L’administration Biden piégée par ses contradictions


Pourtant, pour sa première intervention de poids sur le sujet, Kamala Harris a également exposé les limites de la position américaine en déroulant des éléments de langage traditionnels qui donnent presque quitus au gouvernement israélien. Elle a ainsi qualifié le Hamas d’« organisation terroriste brutale » qui constitue une menace pour Israël et doit être éliminée, tout en répétant que le pays avait le « droit de se défendre ». C’est exactement sur cette base rhétorique et politique que le gouvernement israélien d’extrême droite a lancé sa guerre totale contre la bande de Gaza. L’administration Biden – par la voix du président lui-même – trouve juste « excessive » une riposte dont l’intensité et l’échelle sont contenues dans la logique de départ.

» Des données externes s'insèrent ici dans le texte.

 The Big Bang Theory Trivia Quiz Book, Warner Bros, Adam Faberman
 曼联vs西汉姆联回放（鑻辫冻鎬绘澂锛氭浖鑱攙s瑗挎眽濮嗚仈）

Pris dans cette contradiction extérieure, l’establishment démocrate essaie aussi de desserrer un étau intérieur : l’opposition de la base électorale qui prend des allures de fronde. « Alors que M. Biden a de plus en plus critiqué la réponse d’Israël à l’attentat du 7 octobre, son rejet des appels à un cessez-le-feu permanent et une série de faux pas antérieurs témoignant d’un manque d’empathie pour les Palestiniens ont divisé le Parti démocrate. Ils lui ont également aliéné des électeurs clés, notamment les Noirs, les jeunes et les Arabes américains », rappelle le New York Times. Mardi dernier, lors de la primaire dans le Michigan, 100 000 électeurs – soit près de 15 % des suffrages exprimés – ont voté « uncommitted » (« non engagé ») en signe de protestation.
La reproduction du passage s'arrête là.